- **TASK STATEMENT**
Take the line with "The installer will" as the first and the last line of the data as the end. Write out both and every line between exactly, except pictures.

** Opening DATA BELOW block **

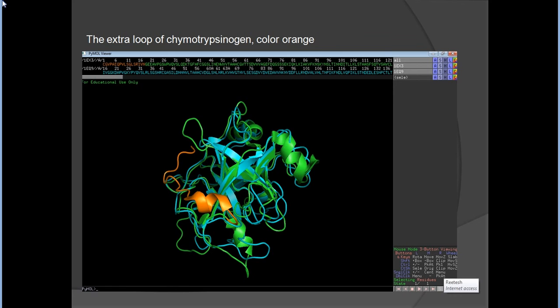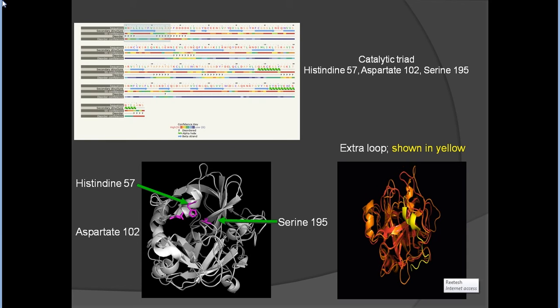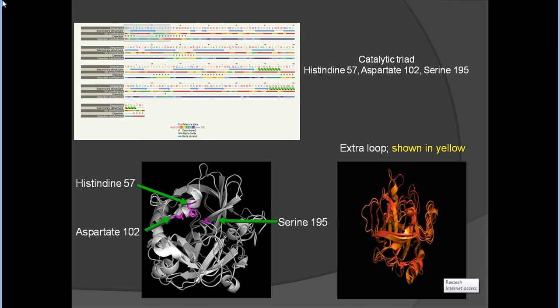This extra slide provides information about the extra loop of chymotrypsinogen, because chymotrypsinogen is the precursor of chymotrypsin. Another slide depicts the catalytic triad: histidine 57, aspartate 102, and serine 195. The extra loop zones are shown in yellow.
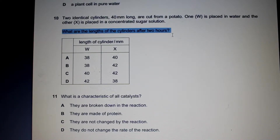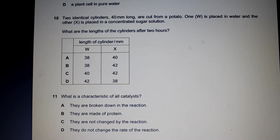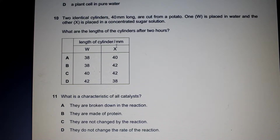This question basically asks you about osmosis. To answer this question you need to know the definition of osmosis. Osmosis is the diffusion of water molecules from a region of high water potential to a region of low water potential through a partially permeable membrane.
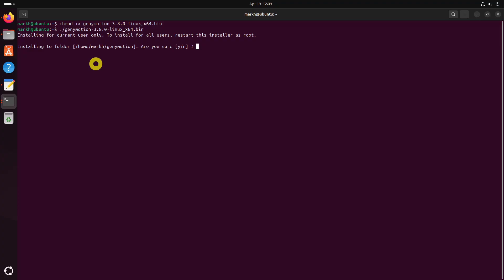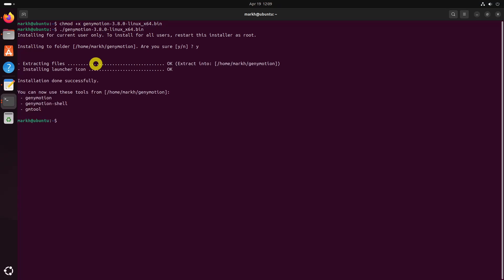The installer will prompt you to choose an installation directory. Simply press Enter to accept the default location or specify a custom path, and wait for the installation. Once done, you'll see a success message.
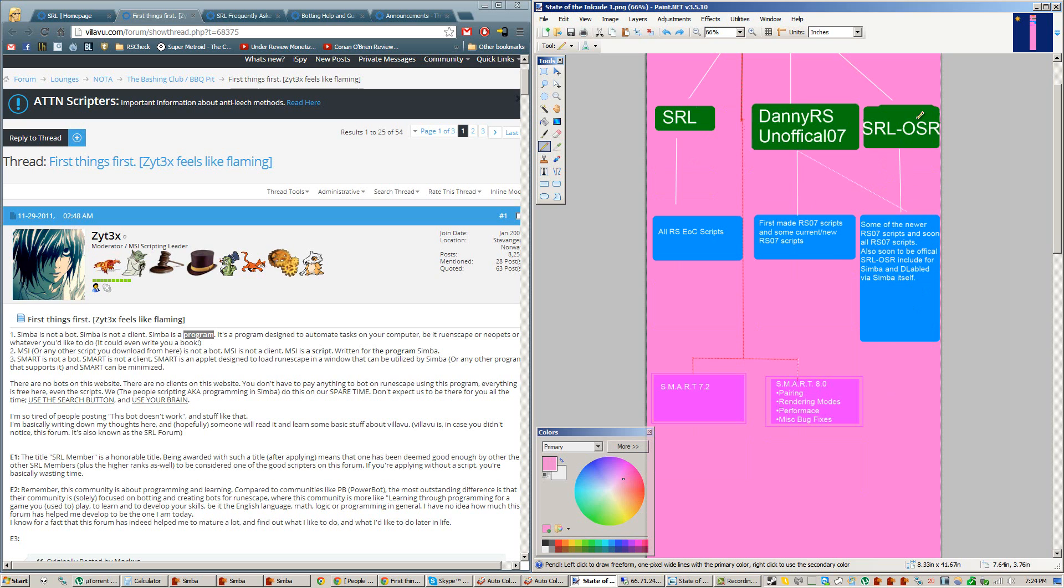So a lot of people right now are getting errors because they only have the DannyRS Include installed, yet they're trying to run scripts which use SRL OSR, so I'll be making a video about that later.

** Closing DATA BELOW block **

- **RESPONSE TO THIS TASK**
The installer will prompt you to choose an installation directory. Simply press Enter to accept the default location or specify a custom path, and wait for the installation. Once done, you'll see a success message.
So a lot of people right now are getting errors because they only have the DannyRS Include installed, yet they're trying to run scripts which use SRL OSR, so I'll be making a video about that later.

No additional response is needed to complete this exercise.